Vor etwa zwei Jahren erreichte die Elektroauto-Begeisterung ihren bisherigen Höhepunkt. Tesla stand vor knapp 90 Prozent Zunahme seiner Auslieferungen in 2021, der Börsenwert steuerte auf seinen Rekordwert von mehr als 1,2 Billionen Dollar Anfang 2022 zu, und auch Aktien jeglicher anderer Elektroauto-Unternehmen waren an den Börsen weltweit gefragt. Zuletzt aber berichteten die meisten etablierten Hersteller von zu wenig Nachfrage und zogen ihre Pläne für Elektroautos in die Länge. Selbst Tesla scheint sich von seinem langfristigen Wachstumsziel verabschiedet zu haben.
Tesla nicht mehr mit Maximal-Tempo
Er wolle mit Tesla nicht mit maximalem Tempo in die Unsicherheit fahren, erklärte CEO Elon Musk Mitte Oktober in der Telefon-Konferenz zu den Q3-Geschäftszahlen – überraschend, denn man könnte sagen, dass er genau das bislang stets getan hat. Später stellte er sogar das Ziel von 50 Prozent mehr Elektroauto-Verkäufen pro Jahr in Frage, das Tesla erst Anfang 2021 als Durchschnitt für einen längeren Zeitraum genannt hatte. Offensichtlich könne diese Rate nicht ewig gehalten werden, antwortete er auf die Frage, ob es noch gelte.
Ein langjähriger Investor rechnet nach dem relativ schwachen Q3 und den vorsichtigen Musk-Aussagen jetzt damit, dass die Tesla-Verkäufe bis 2030 eher um durchschnittlich 30-40 Prozent statt 50 Prozent zunehmen werden; auch das Ziel von 20 Millionen verkauften Elektroautos in dem Jahr wäre so nicht mehr erreichbar. Konkurrierende Hersteller verschieben unterdessen ebenfalls Elektroauto-Investitionen in die Zukunft.
In den USA nahmen General Motors und Ford, zusätzlich belastet durch einen langen Streik und dann hohen Abschluss mit der UAW, vergangene Woche ihre Gewinn-Prognosen für 2023 zurück und gaben den späteren Start von Fabrik-Neubauten, -Umbauten oder neuen Elektroautos bekannt. In Europa meldete der Volkswagen-Konzern, dass die E-Bestellungen wegen eines insgesamt schwachen Marktes in diesem Jahr unter dem eigenen Ziel lagen. Der Order-Bestand in Europa nach neun Monaten war mit 150.000 Elektroautos nur halb so hoch wie vor einem Jahr.

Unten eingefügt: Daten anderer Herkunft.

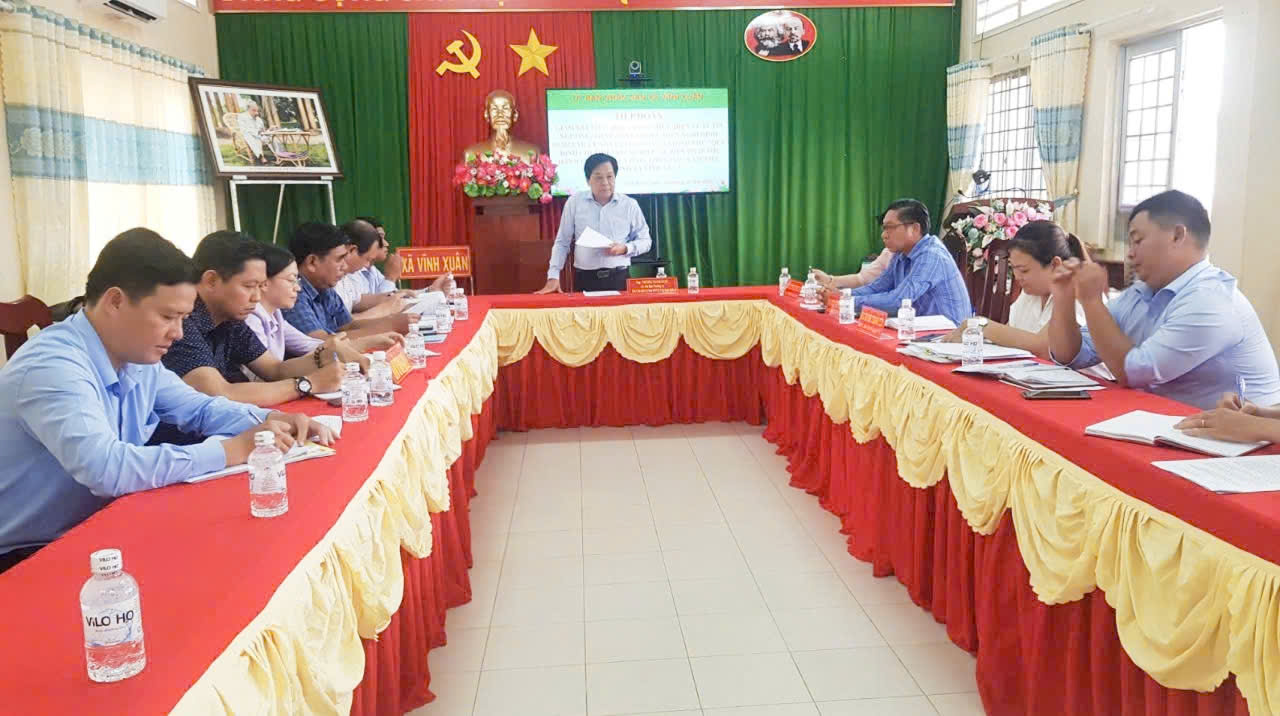 UBND xã Vĩnh Xuân  tiếp và làm việc với Đoàn giám sát của tỉnh việc triển khai thực hiện Luật Tín ngưỡng, tôn giáo và Nghị định số 95/2023/NĐ-CP ngày 29/12/2023 của Chính phủ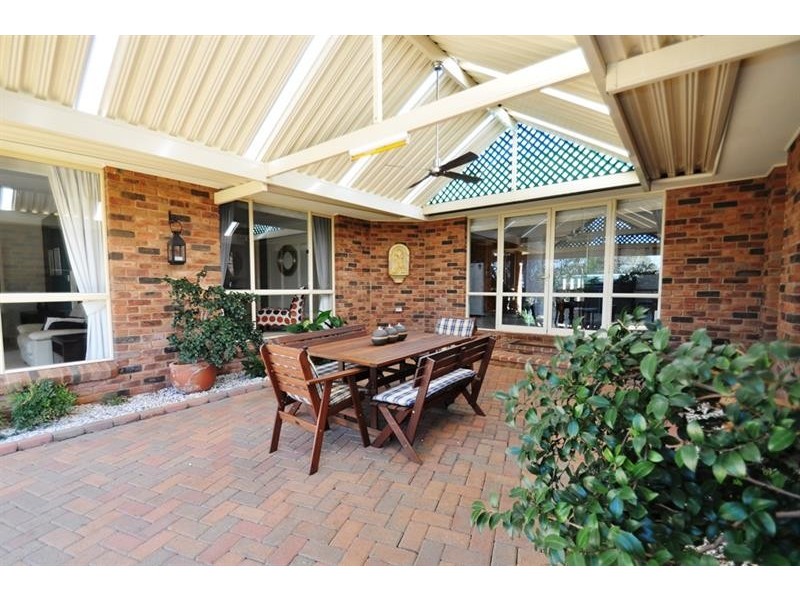 15 Christie  Cl, Dubbo NSW 2830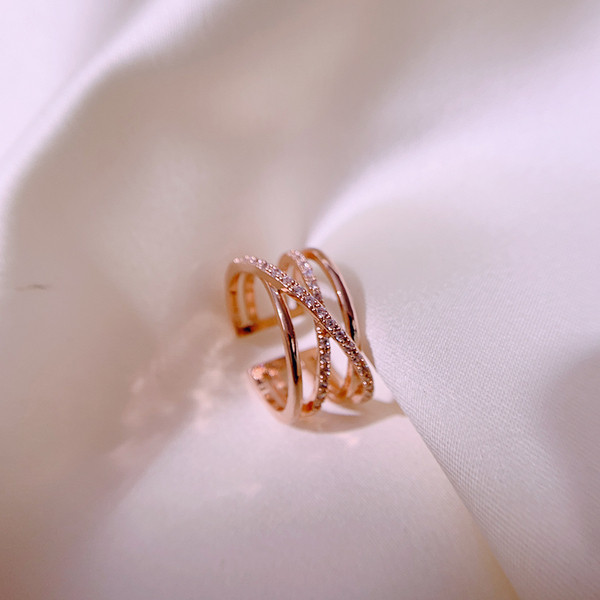 Széles modell női gyűrű kövekkel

Weniger Druck auf Elektroauto-Startups
In diesem Umfeld hören sich mögliche 30-40 Prozent Tesla-Wachstum pro Jahr bis 2030 auf dann rund 8,5 Millionen Stück immer noch beneidenswert an – vielleicht abgesehen von BYD, das seine Verkäufe zuletzt viel schneller steigerte und im dritten Quartal bis auf wenige tausend reine Elektroautos an Tesla herankam. Und als CEO Musk in der Q3-Konferenz sagte, das Unternehmen müsse seine Elektroautos bezahlbarer machen, klang das danach, als wolle er die geschwächte Konkurrenz mit weiteren Preissenkungen zusätzlich unter Druck setzen.

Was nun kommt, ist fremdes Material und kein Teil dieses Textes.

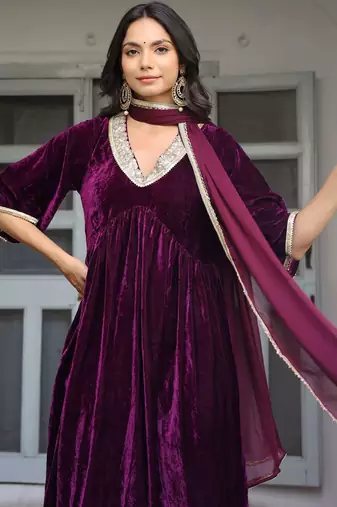 Women solid anarkali kurta with palazzos & dupatta
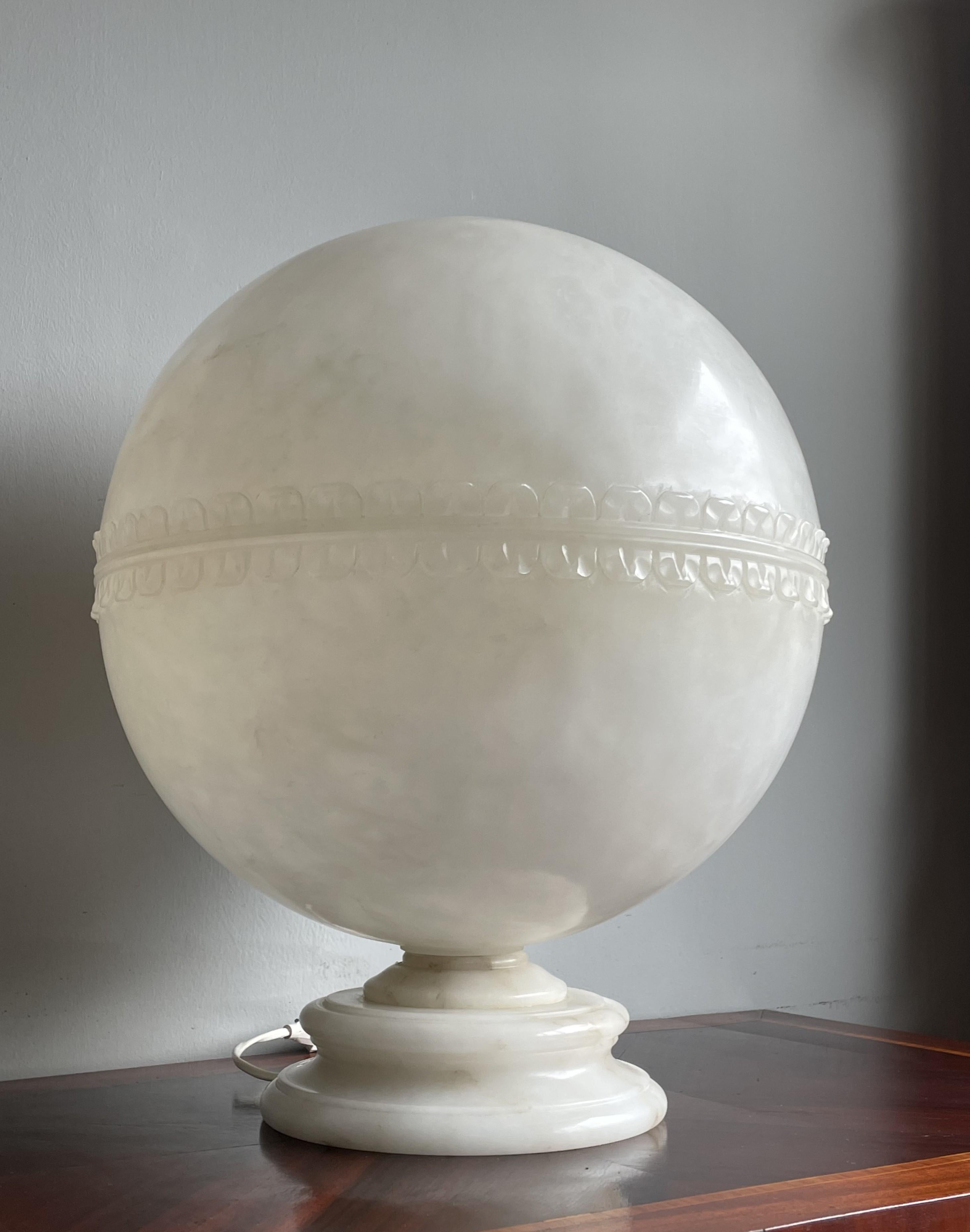 Superbe et rare lampadaire de style Art Déco en albâtre ressemblant à une lune en vente 1
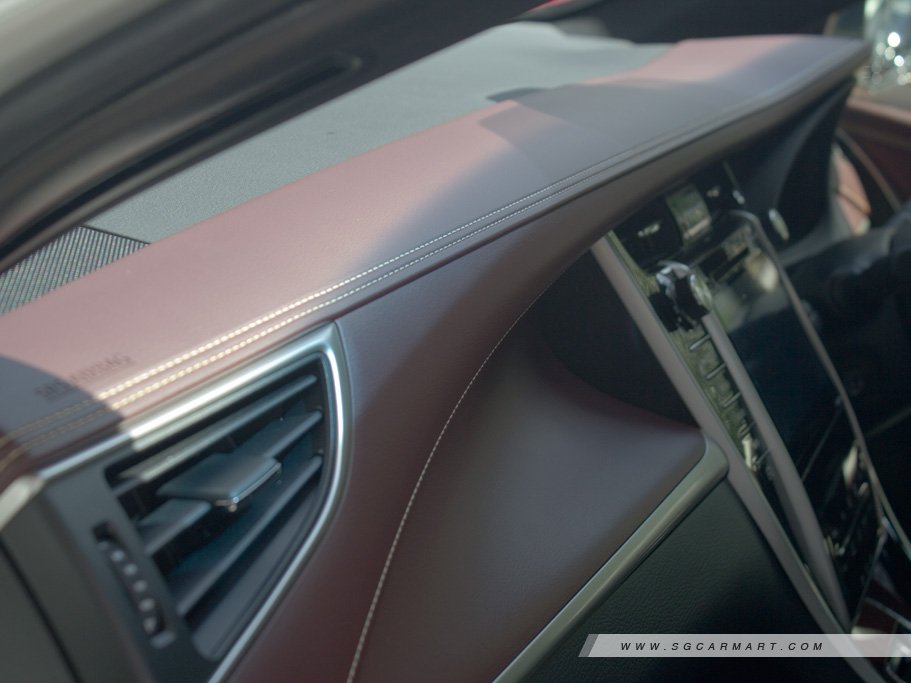 https://i.i-sgcm.com/new_cars/cars/11558/11558_g39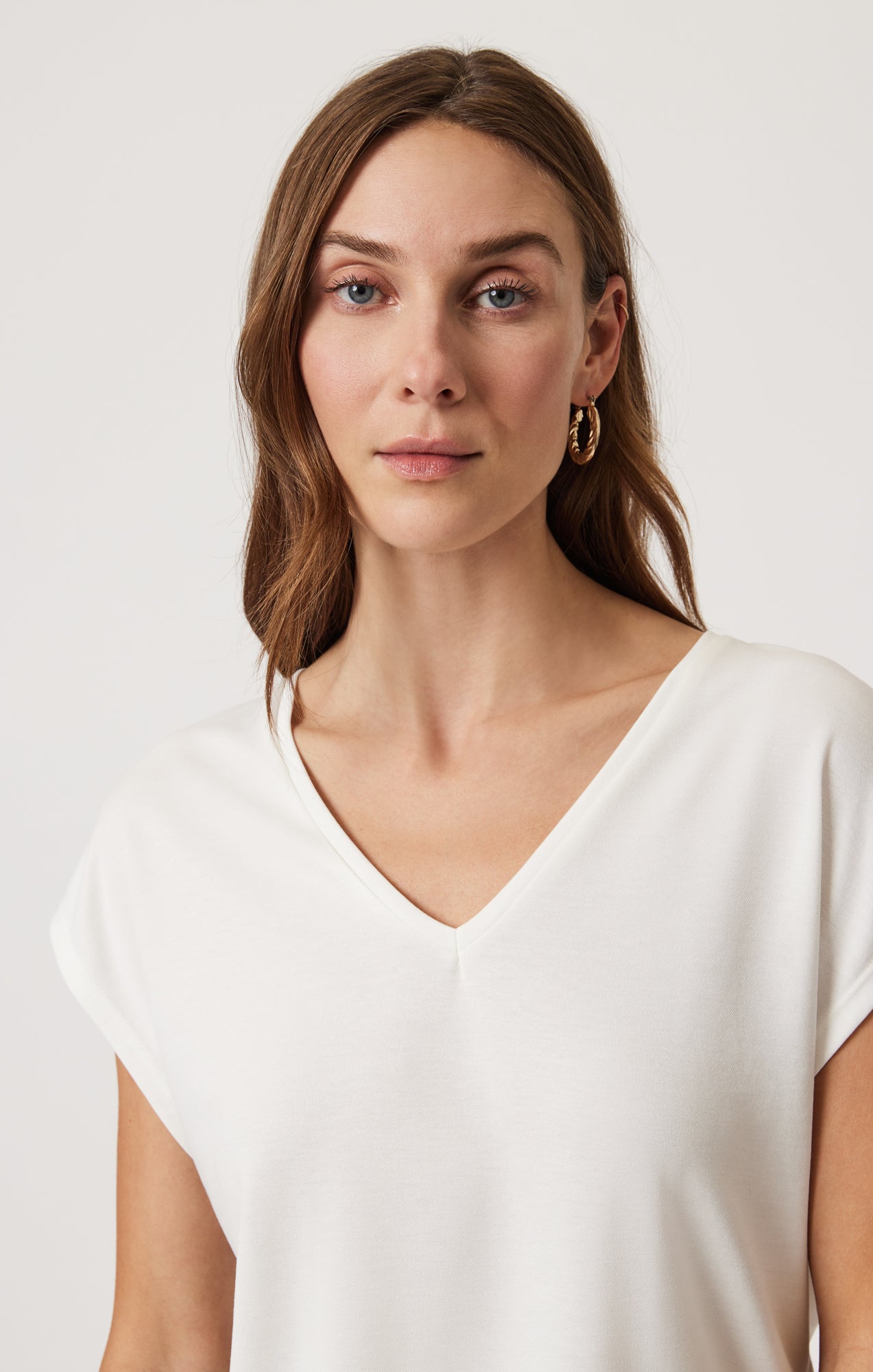 LUXE TOUCH TENCEL™ V-NECK T-SHIRT IN ANTIQUE - Mavi Jeans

Jetzt jedoch gibt es erste zarte Anzeichen für ein Umdenken bei Musk. In China als dem größten und umkämpftesten Elektroauto-Markt der Welt hat Tesla in dieser Woche den Preis für das Model Y Perfomance um 14.000 Renminbi auf umgerechnet gut 47.000 Euro erhöht, nachdem er erst Mitte August um denselben Betrag gesunken war. Ein lokaler Analyst sagte der South China Morning Post, Tesla verschiebe seinen China-Fokus von Volumen zu Profitabilität. Damit nehme das US-Unternehmen Druck von chinesischen Startups wie Nio und Xpeng.
Einen kleinen Schritt in diese Richtung ging Tesla am Freitag zudem auch in seiner Heimat: Der Preis für das Model Y Long Range, erst Anfang des Monats auf das niedrigste Niveau seiner Existenz gesenkt, stieg um 500 Dollar auf 48.990 Dollar.